Simple, intelligent imputation analysis with PREFLIGHT validation and auto-metadata inference

These details have not been verified by PyPI

Project links

Project description

FunPuter v1.3.2 - Intelligent Imputation Analysis

Production-ready intelligent imputation analysis with industrial-strength test coverage and comprehensive validation.

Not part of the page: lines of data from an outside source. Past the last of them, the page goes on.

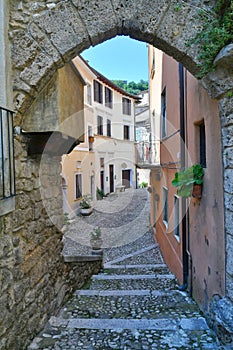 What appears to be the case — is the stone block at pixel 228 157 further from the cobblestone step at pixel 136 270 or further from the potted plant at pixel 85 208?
the potted plant at pixel 85 208

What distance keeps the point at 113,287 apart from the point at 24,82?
4.20 m

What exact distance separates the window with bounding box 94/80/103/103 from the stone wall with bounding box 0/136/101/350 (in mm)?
14718

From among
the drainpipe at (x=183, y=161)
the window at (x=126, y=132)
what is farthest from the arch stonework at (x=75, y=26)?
the window at (x=126, y=132)

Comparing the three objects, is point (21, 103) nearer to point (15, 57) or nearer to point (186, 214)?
point (15, 57)

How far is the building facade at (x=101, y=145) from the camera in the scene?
48.3 ft

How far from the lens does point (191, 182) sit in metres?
3.91

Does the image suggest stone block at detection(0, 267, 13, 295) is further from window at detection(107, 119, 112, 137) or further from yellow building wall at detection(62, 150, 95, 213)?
window at detection(107, 119, 112, 137)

FunPuter analyzes your data and suggests the best imputation methods based on:

🤖 Auto-metadata inference (10/12 fields detected automatically)
🔍 Missing data mechanisms (MCAR, MAR, MNAR detection)
📊 Data types and statistical properties
🏢 Business rules and column dependencies
⚡ Enhanced constraints (nullable, allowed_values, max_length validation)
🛡️ PREFLIGHT system (8 core validation checks A1-A8)
🎯 Adaptive thresholds based on your dataset characteristics

🚀 Quick Start

Installation

pip install funputer

30-Second Demo

🤖 Auto-Inference Mode (Zero Configuration!)

import funputer

# Just point to your CSV - FunPuter figures out everything automatically!
suggestions = funputer.analyze_imputation_requirements("your_data.csv")

# Get intelligent suggestions
for suggestion in suggestions:
    if suggestion.missing_count > 0:
        print(f"📊 {suggestion.column_name}: {suggestion.proposed_method}")
        print(f"   Confidence: {suggestion.confidence_score:.2f}")
        print(f"   Reason: {suggestion.rationale}")

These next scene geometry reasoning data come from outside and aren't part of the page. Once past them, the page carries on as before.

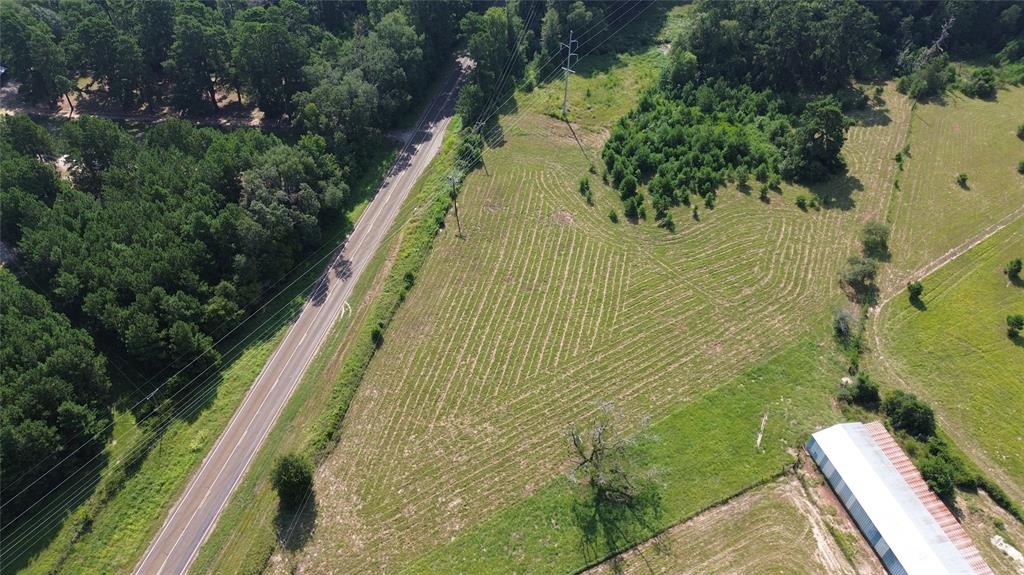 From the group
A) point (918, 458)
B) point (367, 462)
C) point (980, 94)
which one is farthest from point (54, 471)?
point (980, 94)

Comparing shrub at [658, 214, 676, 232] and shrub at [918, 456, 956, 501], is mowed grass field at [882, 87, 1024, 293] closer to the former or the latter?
shrub at [918, 456, 956, 501]

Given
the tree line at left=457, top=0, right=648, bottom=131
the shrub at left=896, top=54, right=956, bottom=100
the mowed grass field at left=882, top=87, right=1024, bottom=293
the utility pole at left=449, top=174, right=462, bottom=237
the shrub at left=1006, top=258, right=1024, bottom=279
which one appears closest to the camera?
the shrub at left=1006, top=258, right=1024, bottom=279

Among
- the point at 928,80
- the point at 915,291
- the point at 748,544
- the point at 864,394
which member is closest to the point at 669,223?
the point at 915,291

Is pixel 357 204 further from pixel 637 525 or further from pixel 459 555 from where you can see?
pixel 637 525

📋 Production Mode (Full Control)

import funputer
from funputer.models import ColumnMetadata

# Define your data structure with constraints
metadata = [
    ColumnMetadata('customer_id', 'integer', unique_flag=True),
    ColumnMetadata('age', 'integer', min_value=18, max_value=100),
    ColumnMetadata('income', 'float', min_value=0),
    ColumnMetadata('category', 'categorical', allowed_values='A,B,C'),
]

# Get production-grade suggestions
suggestions = funputer.analyze_dataframe(your_dataframe, metadata)

🖥️ Command Line Interface

# Auto-inference - easiest way
funputer analyze -d your_data.csv

# Production analysis with metadata
funputer analyze -d your_data.csv -m metadata.csv --verbose

# Data quality check first
funputer preflight your_data.csv

🚨 IMPORTANT: v1.3.0 Breaking Change

🎯 Consistent Naming: Starting with v1.3.0, all imports and CLI commands use consistent funputer naming:

# ✅ NEW (v1.3.0+): Consistent naming
import funputer
funputer.analyze_imputation_requirements("data.csv")

# ✅ NEW CLI command (v1.3.0+)
funputer analyze -d data.csv

🔄 Migration: For backward compatibility, old imports still work with deprecation warnings:

# ⚠️ DEPRECATED (still works but shows warning)
import funimpute
# Old funimputer CLI command also still works

📅 Timeline: Deprecated imports will be removed in v2.0.0. Please update your code!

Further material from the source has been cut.